The CIA sent 4 operators on a spy mission targeting China. None came back - cwwc
https://news.yahoo.com/the-cia-sent-a-team-of-four-operators-on-a-spy-mission-targeting-china-none-came-back-090041816.html
======
themodelplumber
Wow, this article seems oddly detailed regarding CIA structure? It was an
interesting read.

So, this disaster (back in 2008) basically made underwater ROVs look like the
answer everyone could have guessed they were. Incompetent management at SAD
(SAC) (lol?) basically did their/his incompetent job by forcing unprepared
staff into the middle of a tropical storm, where they sadly disappeared, and
thus helped ensure that humans were further distanced from missions with such
parameters in the future.

> Deployed from the small ship, the two divers would emplace a “pod” disguised
> as a rock and stuffed with classified technology just beneath the surface of
> the waves. It would then passively monitor electronic signals of Chinese
> naval ships.

OK, so it's just about placing a device on one island.

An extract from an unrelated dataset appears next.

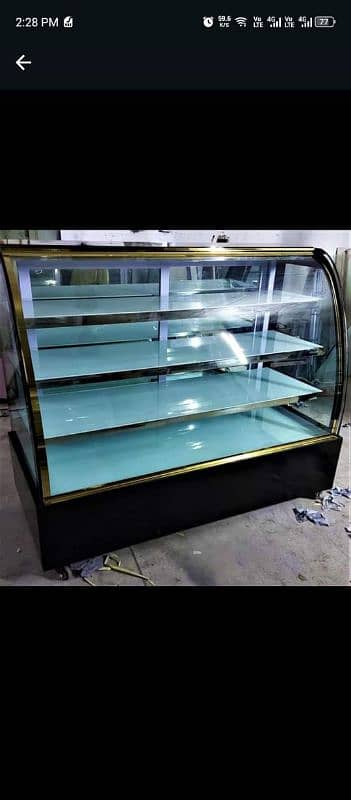 Cake Display Freezer Chiller / Meat Chiller /Salad Bar Bakery counter 9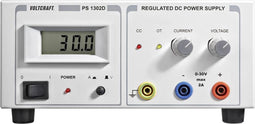 VOLTCRAFT PS-1302 D Labvoeding, regelbaar 0 - 30 V/DC 0 - 2 A 60 W Aantal uitgangen: 1 x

> The mission wasn’t just about placing a device on one island, it was a proof
> of concept that would demonstrate the continued relevance of the CIA’s
> Maritime Branch.

...but the mission to place the device on one island _was_ where all these
hopes had been pinned? This part wasn't super clear. But yikes if so.

> The CIA’s Maritime Branch was essentially in competition with the Navy, and
> this mission would help prove its worth.

Phew. I don't envy them this position. SAD (SAC) is like an entire armed
forces structure on its own. It's probably easy for the Navy to laugh and
claim redundancy. Though looking back to e.g. Vietnam, the deniability for the
USG may seem worth the exchange for a little bit of annoying overlap.

I do wonder if people in CIG think they belong in a different organizational
structure entirely...imagine running disinformation and propaganda, largely
mental games compared to the very physical SOG, fully laden with Delta, SEALs,
Russian helicopters, etc.